256 Ga. 606 351 S.E.2d 448

43619.

HIGGS v. THE STATE.

(351 SE2d 448)

Weltner, Justice.

The evidence in this case indicates that on June 29, 1984, shortly after midnight, Rollison Higgs shot and killed John Scroble with a handgun.1 The shooting took place in a parking area adjacent to a restaurant. Just prior to the shooting, the victim Scroble and Frankie Higgs, the former wife of the defendant, were seated in the front seat of an automobile that Frankie Higgs had driven to the parking area. Faye Clark, who testified that she had known the defendant and his former wife “all my life,” was close to the automobile. She related that as she started to walk toward the restaurant she saw Higgs approach the automobile in which Scroble was seated, open the door on the passenger’s side, and heard him order Scroble from the car. At that time, Frankie Higgs hastily exited the car from the driver’s side. Almost immediately thereafter the witness Clark heard gunfire. While Clark testified that she did not see a pistol at any time, she was certain that no one but Higgs was near Scroble when the shot was fired. Testimony of a firearms expert established that the weapon that caused Scroble’s death had been fired from within six to twelve inches of the victim’s body.

Clark entered the restaurant almost immediately after the shooting and telephoned the police. When she returned to the scene, Higgs had left. While Clark was telling Frankie Higgs about making the telephone call, she saw Scroble lunge from the car and fall, face down, to the pavement.

Investigator Moses of the Georgia Bureau of Investigation assisted in the investigation of the killing. At some time between 2:30 and 3:00 o’clock a.m., Moses arrived at the crime scene. Later that *607morning he interviewed Frankie Higgs, after she had an opportunity to meet with and to be advised by her lawyer. According to Moses, Mrs. Higgs told him that she saw her former husband shoot Scroble with a pistol, and then disappear.

Higgs was sought by law enforcement officials, but was not found. At about 8:30 a.m. on that day, he surrendered himself to the sheriffs office. No murder weapon has been located.

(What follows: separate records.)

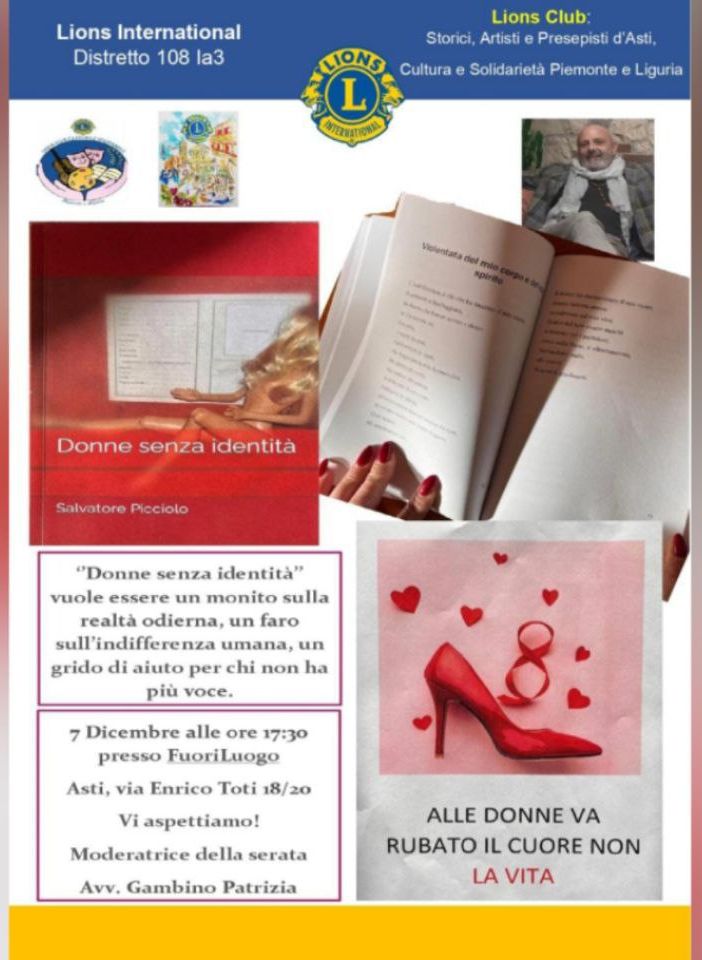 Sabato al FuoriLuogo la presentazione del libro &quot;Donne senza identità&quot;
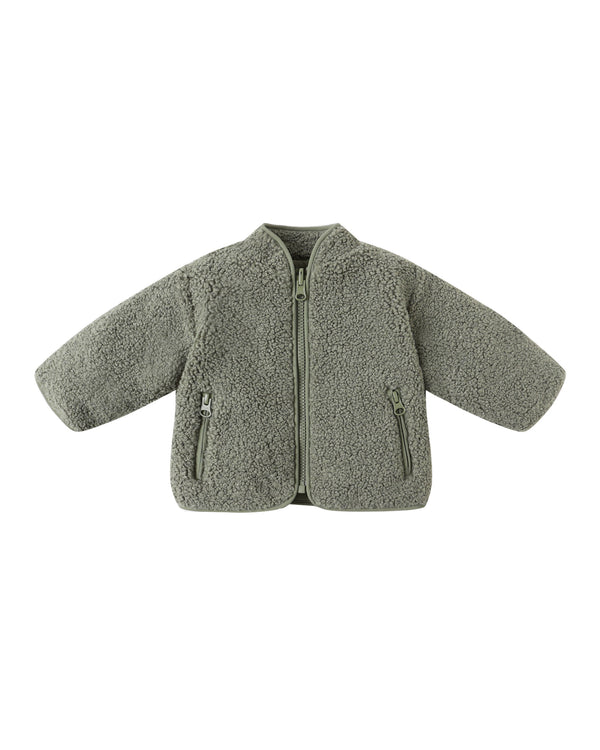 Shearling Zip Jacket | Forest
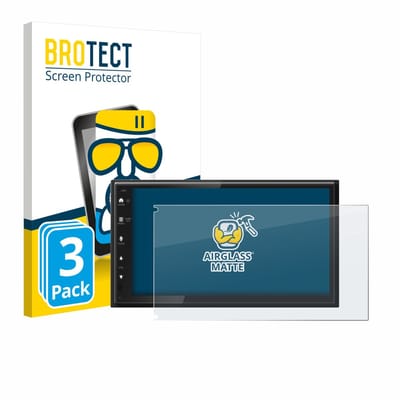 BROTECT - Screenprotector voor Kenwood DMX6523DABS - Folie Beschermfolie Beschermglas matte 3 Stuks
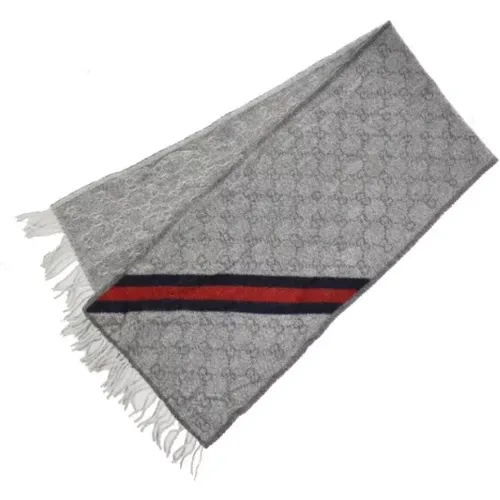 Pre-owned Wool scarves , female, Sizes: ONE SIZE - Gucci Vintage - Modalova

Higgs was released on bond on July 1, 1984. That same day, he and his former wife resumed cohabitation, and were remarried on December 6, 1984. At pre-trial hearings held in February and October 1985, Frankie Higgs asserted her right not to testify against her husband. At the trial of the case, over objection of defendant, investigator Moses was allowed to testify as to what Frankie Higgs had told him concerning the killing.

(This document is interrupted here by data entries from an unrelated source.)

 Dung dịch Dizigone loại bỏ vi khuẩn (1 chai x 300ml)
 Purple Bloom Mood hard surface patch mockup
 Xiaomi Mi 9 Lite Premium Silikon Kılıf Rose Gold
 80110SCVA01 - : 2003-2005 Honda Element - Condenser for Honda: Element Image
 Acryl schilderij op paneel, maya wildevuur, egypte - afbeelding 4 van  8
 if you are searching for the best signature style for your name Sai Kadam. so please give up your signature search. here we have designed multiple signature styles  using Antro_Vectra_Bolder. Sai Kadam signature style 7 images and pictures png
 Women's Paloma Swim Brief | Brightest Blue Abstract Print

1. Higgs attacks the guilty verdict on the grounds of insufficiency of the evidence. The evidence was sufficient to support the jury’s verdict of guilty under Jackson v. Virginia, 443 U. S. 307 (99 SC 2781, 61 LE2d 560) (1979), even without considering investigator Moses’ testimony concerning Frankie Higgs’ statement.

2. Higgs claims error in the trial court’s admission of the testimony of investigator Moses as to Frankie Higgs’ statement to him. The trial court ruled, on pre-trial motion, that Frankie Higgs could not be compelled to testify when she invoked the marital privilege, but that her out-of-court statement was admissible as an exception to the hearsay rule.

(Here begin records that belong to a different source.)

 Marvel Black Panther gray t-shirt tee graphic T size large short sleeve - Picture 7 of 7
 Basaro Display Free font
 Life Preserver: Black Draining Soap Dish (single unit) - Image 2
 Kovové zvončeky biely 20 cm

3. Frankie Higgs did not testify. Her knowledge of the killing was imparted to the jury by investigator Moses, who related what she had told him shortly after the homicide. This testimony, as hearsay, normally would be inadmissible. However, OCGA § 24-3-1 (b) provides that “hearsay evidence is admitted in specified cases from necessity.” OCGA §§ 24-3-3 through 24-3-14 enumerate twelve types of hearsay that are admissible as exceptions to the hearsay rule. “Is this specification of cases in which hearsay evidence is admissible exhaustive and exclusive of all other cases? We think not.” Rea v. Pursley, 170 Ga. 788, 793 (154 SE 325) (1930) (wherein we held that statements of a type not expressly mentioned in the Code were admissible). The exceptions in the Code in effect in 1930 are virtually identical to the current statute. “The two underlying reasons for any exception to the hearsay rule are a necessity for the exception and a circumstantial guaranty of the trustworthiness of the offered evidence — that is, there must be something present which the law considers a substitute for the oath of the declarant and his cross examination by the party against whom the hearsay is offered. . . .” Chrysler Motors *608Corp. v. Davis, 226 Ga. 221, 224 (1) (173 SE2d 691) (1970).2 See also Irby v. Brooks, 246 Ga. 794 (273 SE2d 183) (1980).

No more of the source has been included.